IHS hosts renowned genealogist Tony Burroughs on Saturday, May 21, from 10 a.m. to noon at the Eugene and Marilyn Glick Indiana History Center. The Six Phases of African-American Genealogy are what Burroughs has identified as the building blocks of African-American family history research.
Because researchers do not get far only entering family names in Google, they must understand what types of records to seek out first, as well as the obstacles and complexities associated with African-American research. Recognizing the challenges and establishing strong building blocks leads to successes that can be built upon. This program illustrates an overview of the six phases, pointing out methods and sources for each, and progresses from beginning to advanced research.

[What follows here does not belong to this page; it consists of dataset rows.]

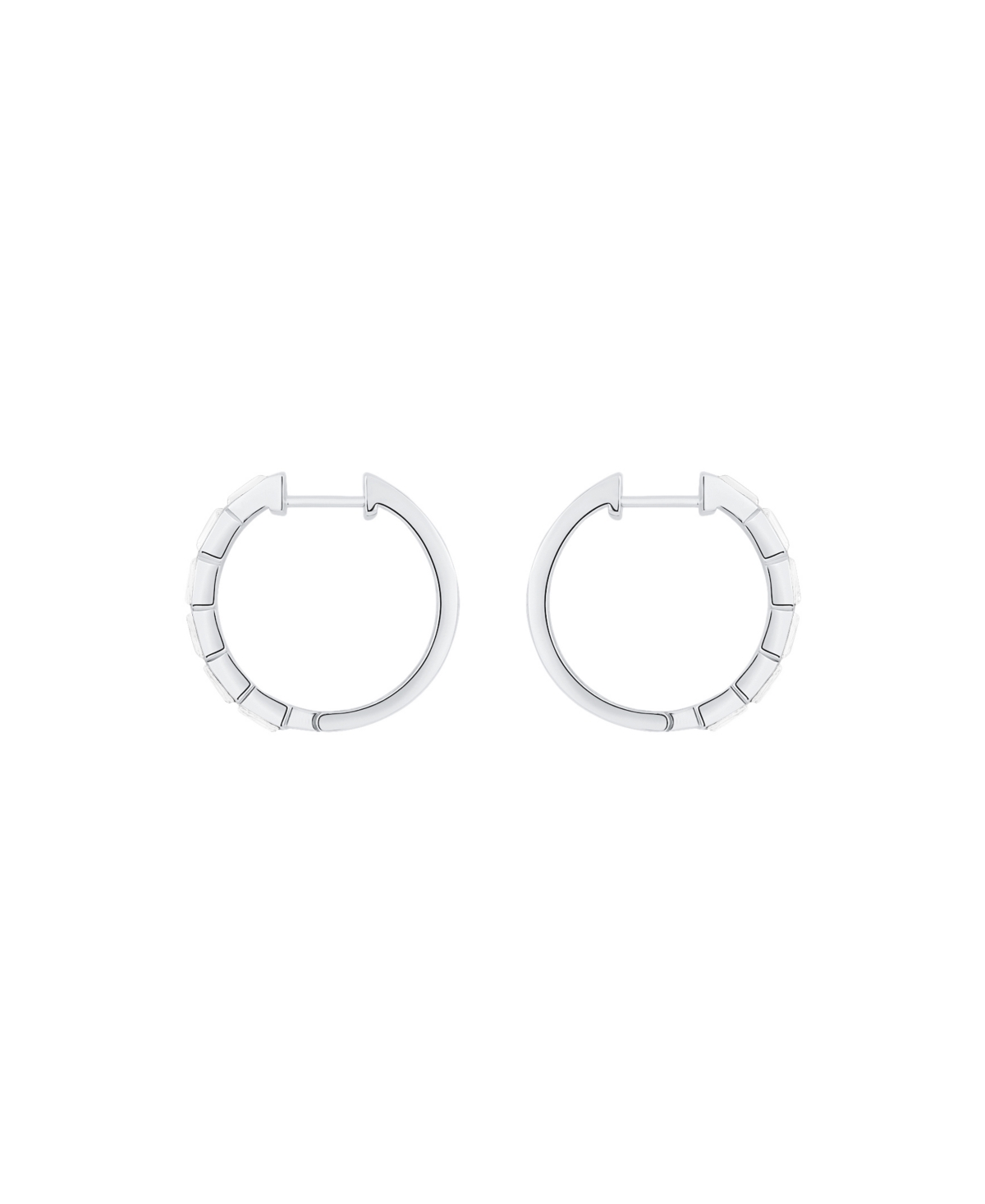 And Now This Crystal Baguette Hinged Hoop Earrings In Silver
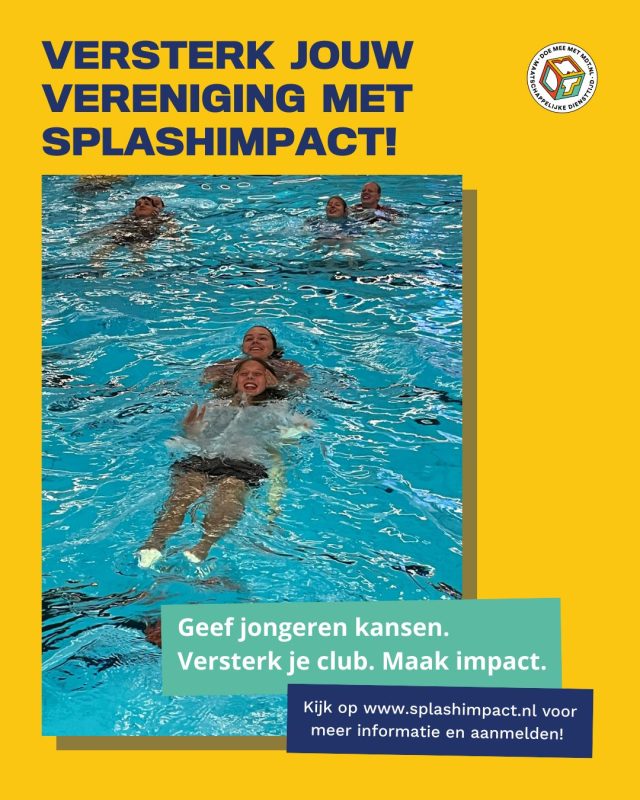 Versterk jouw vereniging met SplashImpact!
Wil jouw vereniging investeren in de toekomst van de club én jongeren kansen bieden om zich te ontwikkelen?

Met SplashImpact krijgen jongeren tussen 12 en 30 jaar de kans om zich op te leiden én actief bij te dragen aan jullie vereniging.

Wat levert het jullie vereniging op?
✅ Duurzame (nieuwe) vrijwilligers die betrokken blijven bij de club
✅ Gratis KNZB Niveau 2 opleidingen voor jongeren binnen jullie vereniging
✅ €100 vergoeding per deelnemer die het traject afrondt (bij begeleiding vanuit de vereniging)

Zo bouwen jullie niet alleen aan de ontwikkeling van jongeren, maar ook aan een sterkere en toekomstbestendige vereniging.

📩 Meld jullie vereniging aan en ontdek de mogelijkheden.

Meer informatie?
➡️ Neem contact op via info@splashimpact.nl

@knzbned  @mdt_nl  #SplashRef #SplashCoach #SplashEvent #doemeemetmdt #SplashImpact #KNZB #Zwemmen #Waterpolo #Officials #Scheidsrechter #Trainer #zweminstructeur #Zwemvereniging #Jongeren #MDT #Ontwikkeling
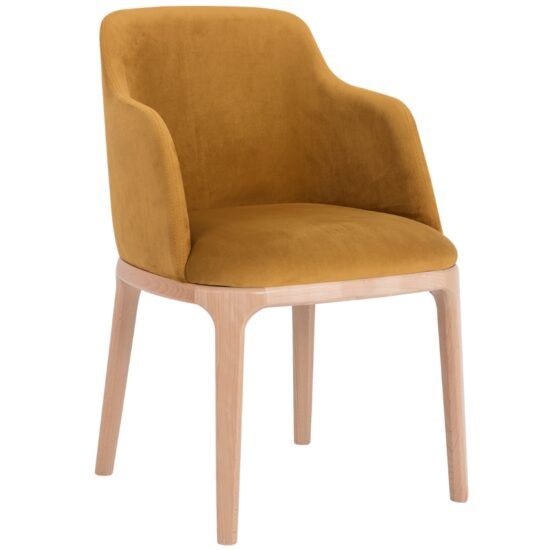 Nordic Design Žlutá sametová jídelní židle Lola s područkami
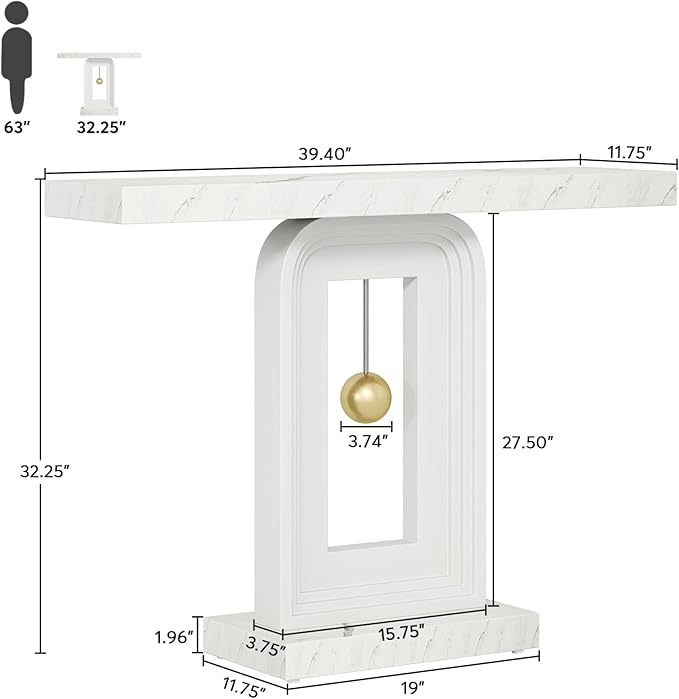 Tribesigns Modern Console Table, 40 Inches Faux Marble Sofa Table, Contemporary Entryway Table with Pendulum Shape Base for Living Room Hallway Entrance, White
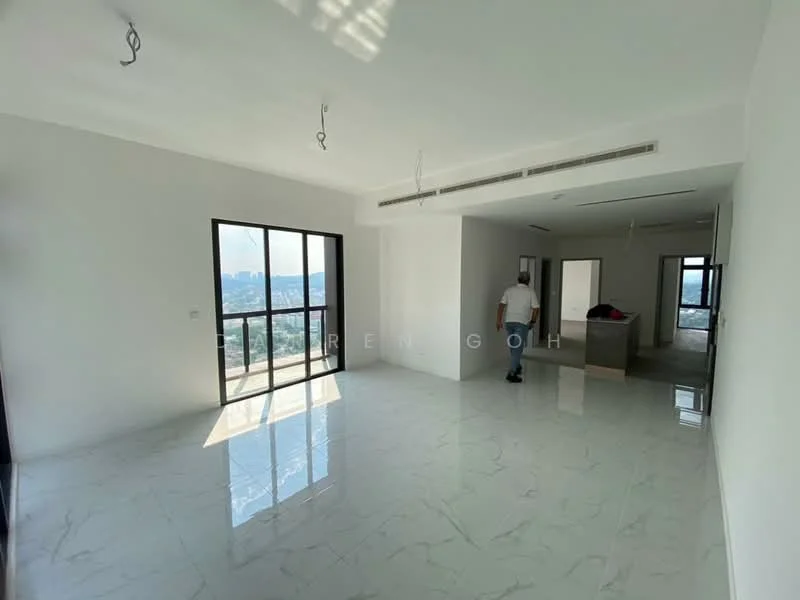 Living features: white painted walls, marble tile flooring, floor-to-ceiling windows, recessed downlights, 2 ceiling fans, open layout, city view, natural light; style: modern; view: city. Room features: white painted walls, marble tile flooring, recessed downlights.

Burroughs taught genealogy at Chicago State University for 15 years. He is the author of Black Roots: A Beginner?s Guide to Tracing the African American Family Tree and has consulted on genealogies for Rev. Al Sharpton (connecting his ancestors to those of the late U.S. Senator Strom Thurmond), Oprah Winfrey and African American Lives 2 on PBS. He received the Distinguished Service Award from the National Genealogical Society and is a fellow of the Utah Genealogical Association.
Cost for the class is $10, and $8 for IHS members. Admission to the Indiana Experience on May 21 is complimentary for class attendees, who are also invited to an afternoon screening of the new WFYI documentary Freedom Riders in the Basile Theater at 1:30 p.m. Participants are eligible for two general Library Education Units (LEUs).